*Your goal*.
Quote the lines below exactly, from the one that holds "Chanel Crossbody Bag" through the final line of the records, and only those.

*Material to process*.
★ ★ ★ ★ ★ ★ ★

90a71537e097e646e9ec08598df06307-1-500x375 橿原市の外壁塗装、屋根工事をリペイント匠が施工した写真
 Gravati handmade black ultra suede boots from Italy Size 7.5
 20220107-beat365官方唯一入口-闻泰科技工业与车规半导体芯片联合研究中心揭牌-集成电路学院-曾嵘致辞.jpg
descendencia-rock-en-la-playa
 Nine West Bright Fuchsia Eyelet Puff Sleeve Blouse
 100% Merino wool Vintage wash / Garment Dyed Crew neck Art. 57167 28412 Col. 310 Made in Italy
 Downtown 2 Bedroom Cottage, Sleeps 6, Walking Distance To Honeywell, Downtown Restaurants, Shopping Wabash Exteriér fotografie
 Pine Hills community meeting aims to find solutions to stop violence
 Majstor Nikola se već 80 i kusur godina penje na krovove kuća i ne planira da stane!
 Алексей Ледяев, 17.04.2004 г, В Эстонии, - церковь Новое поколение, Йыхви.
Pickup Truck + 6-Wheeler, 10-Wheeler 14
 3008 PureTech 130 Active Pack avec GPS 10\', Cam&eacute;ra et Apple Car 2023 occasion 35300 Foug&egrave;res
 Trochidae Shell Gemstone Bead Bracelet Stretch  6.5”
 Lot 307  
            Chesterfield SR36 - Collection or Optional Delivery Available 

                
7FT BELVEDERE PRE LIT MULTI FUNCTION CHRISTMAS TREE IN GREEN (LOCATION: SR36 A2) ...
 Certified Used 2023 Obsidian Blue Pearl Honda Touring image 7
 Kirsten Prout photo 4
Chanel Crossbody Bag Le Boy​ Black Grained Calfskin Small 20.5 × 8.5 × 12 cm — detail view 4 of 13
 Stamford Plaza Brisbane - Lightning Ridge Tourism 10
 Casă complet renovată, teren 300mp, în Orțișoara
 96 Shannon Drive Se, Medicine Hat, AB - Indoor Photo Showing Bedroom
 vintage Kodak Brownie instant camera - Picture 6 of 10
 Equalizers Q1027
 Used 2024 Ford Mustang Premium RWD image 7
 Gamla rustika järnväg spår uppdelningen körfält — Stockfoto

★ ★ ★ ★ ★ ★ ★

*Exercise output*.
Chanel Crossbody Bag Le Boy​ Black Grained Calfskin Small 20.5 × 8.5 × 12 cm — detail view 4 of 13
 Stamford Plaza Brisbane - Lightning Ridge Tourism 10
 Casă complet renovată, teren 300mp, în Orțișoara
 96 Shannon Drive Se, Medicine Hat, AB - Indoor Photo Showing Bedroom
 vintage Kodak Brownie instant camera - Picture 6 of 10
 Equalizers Q1027
 Used 2024 Ford Mustang Premium RWD image 7
 Gamla rustika järnväg spår uppdelningen körfält — Stockfoto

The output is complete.